Several other things M. Borassaw set me right in, as to the falls of the Niagara. Particularly it has been said, that the cataract makes such a prodigious noise, that people cannot hear each other speak at some miles distances; whereas he affirms, that you may converse together close by it. I have also heard it positively asserted, that the shoot of the river, when it comes to the precipice, was with such force, that men and horse might march under the body of the river without being whet; this also he utterly denies, and says, the water falls in a manner right down.

What he observed farther to me was, that the mist or shower which the falls make, is so extraordinary, as to be seen at five leagues distance, and rises as high as the common clouds. In this brume or cloud, when the sun shines, you have always a glorious rainbow. That the river itself, which is there called the river Niagara, is much narrower at the falls than either above or below; and that from below there is no coming nearer the falls by water than about six English miles, the torrent is so rapid, and having such terrible whirlpools.

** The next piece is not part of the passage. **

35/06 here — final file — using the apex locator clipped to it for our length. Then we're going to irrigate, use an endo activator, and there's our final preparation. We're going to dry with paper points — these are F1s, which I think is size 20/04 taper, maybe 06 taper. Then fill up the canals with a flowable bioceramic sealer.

He confirms Father Hennepin's and Mr. Kelug's account of the large trouts of those lakes, and solemnly affirmed there was one taken lately, that weighed 861b. which I am the rather inclined to believe, on the general rule, that fish are according to the waters. To confirm which, a very worthy minister affirmed, that he saw a pike taken in Canada river, and carried on a pole between two men, that measured five feet ten inches in length, and pro, portionably thick,

I myself saw a cataract, three leagues above Albany, in the prowince of New York, on Schenectada river, called the Cohoes, which they count much of there, and yet it is not above 40 or 50 feet perpendicular. From these falls also there rises a misty cloud, which descends like small rain, which, when the sun shines gives a handsome small rainbow, that moves as you move, according to the angle of vision. The river at the Cohoes is 40 or 50 rods broad, but then it is very shallow water, for in a dry season the whole river runs in a channel of not more than 15 feet wide.

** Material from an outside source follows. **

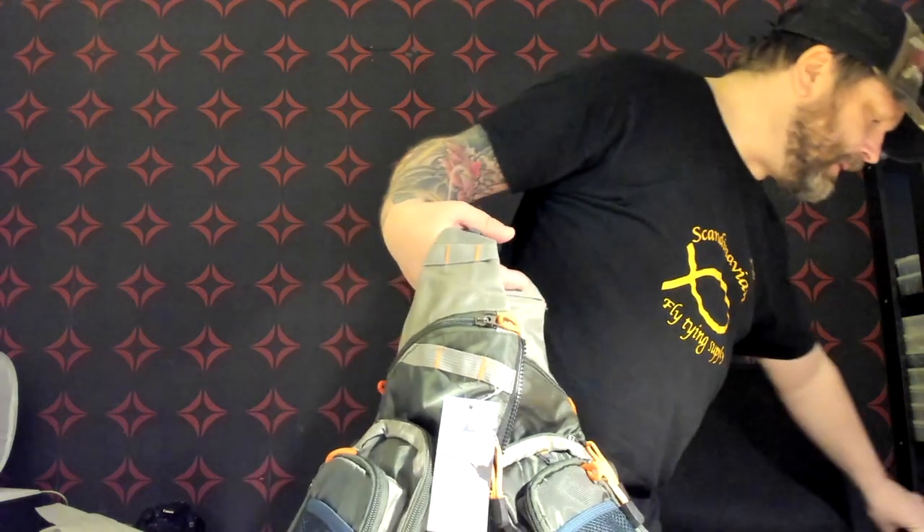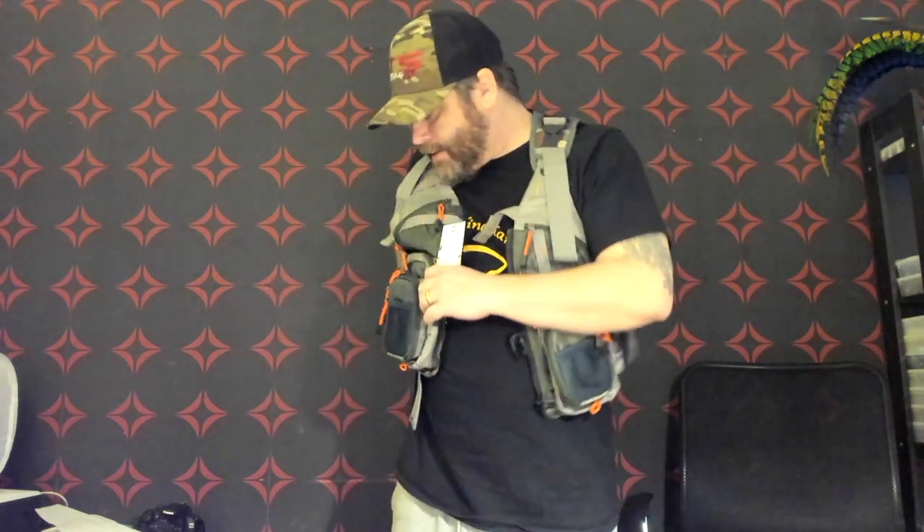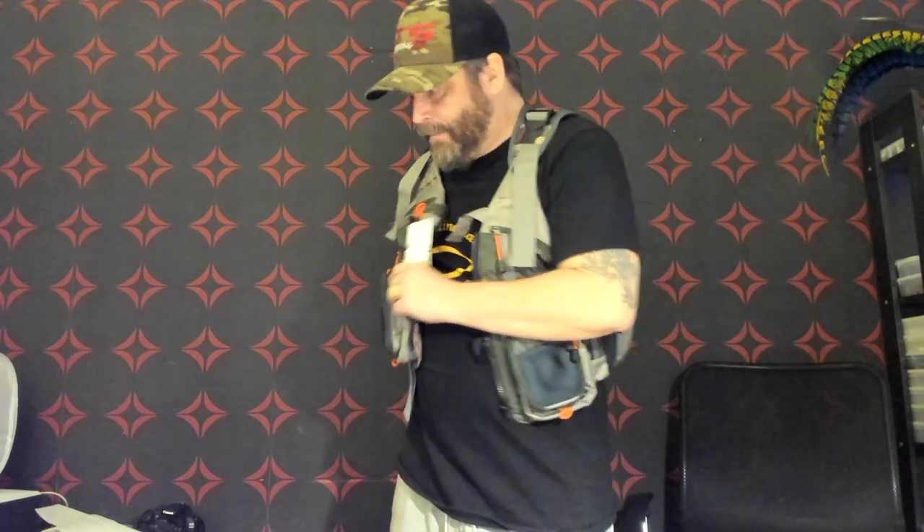So let me remove the chair and let's put it on. So it can be quite large, but you have adjustments here on the sides as well — really nice. So let me tighten this one up. That's really good.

In my journey to Albany, 20 miles to the eastward of Hudson's river, near the middle of a long rising hill, I met with a brisk noisy brook, sufficient to serve a water-mill; and having observed nothing of it at the beginning of the hill, I turned about, and followed the coarse of the brook, till at length I found it come to an end, being absorbed, and sinking into the ground, thence either passing through subterraneous passages, or soaked up by the sand; and though it be common in other parts of the world for brooks and even rivers thus to be lost, yet this is the first of the sort I have heard of, or met with, in this country.

The Fall of Fyers.

[Phil. Trans. 1722.

THE fall of Fyers, is a vast cataract, in a darksome glen of a stupendous depth; the water darts far beneath the top through a narrow gap between two rocks, then precipitates above forty feet lower into the bottom of the chasm, and the foam, like a great cloud of smoke, rises and fills the air. The sides of this glen are vast precipices mixed with trees over-hanging the water, through which, after a short space, the waters discharge themselves into the lake.

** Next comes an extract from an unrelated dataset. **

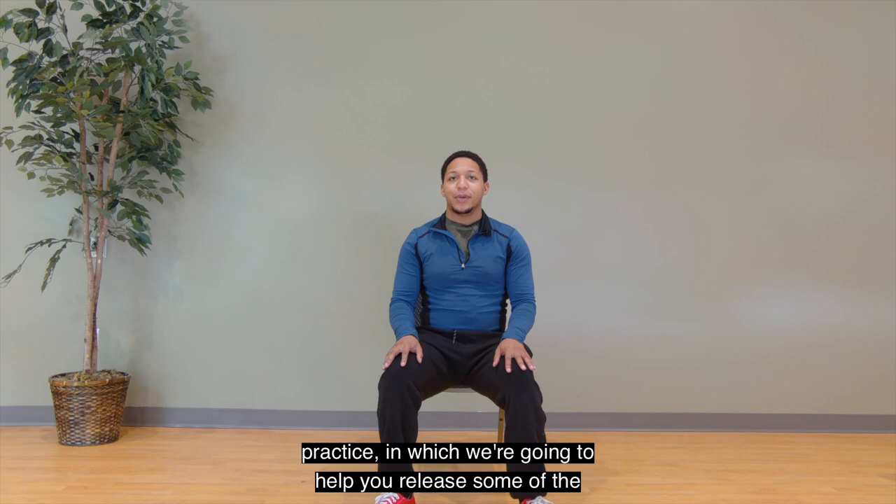Hello! Welcome to Lakeshore Foundation's Seated Mindfulness Series. My name is Ryan. I'm a yoga specialist and fitness specialist at Lakeshore Foundation. Today we're going to be doing a more meditative practice in which we're going to help you release some of the tension in your muscles through using conscious thought and awareness. So let's get into it.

About half a mile south of the first fall is another passing through a narrow chasm, whose sides it has undermined for a considerable way over the gap is a true Alpine bridge of the bodies of trees covered with sods, from whose middle is an aweful view of the water roaring beneath.

At the fall of Foher the road quits the side of the lake, and is carried for some space through a small vale on the side of the river Fyers, where is a mixture of small plains of corn and rocky hills.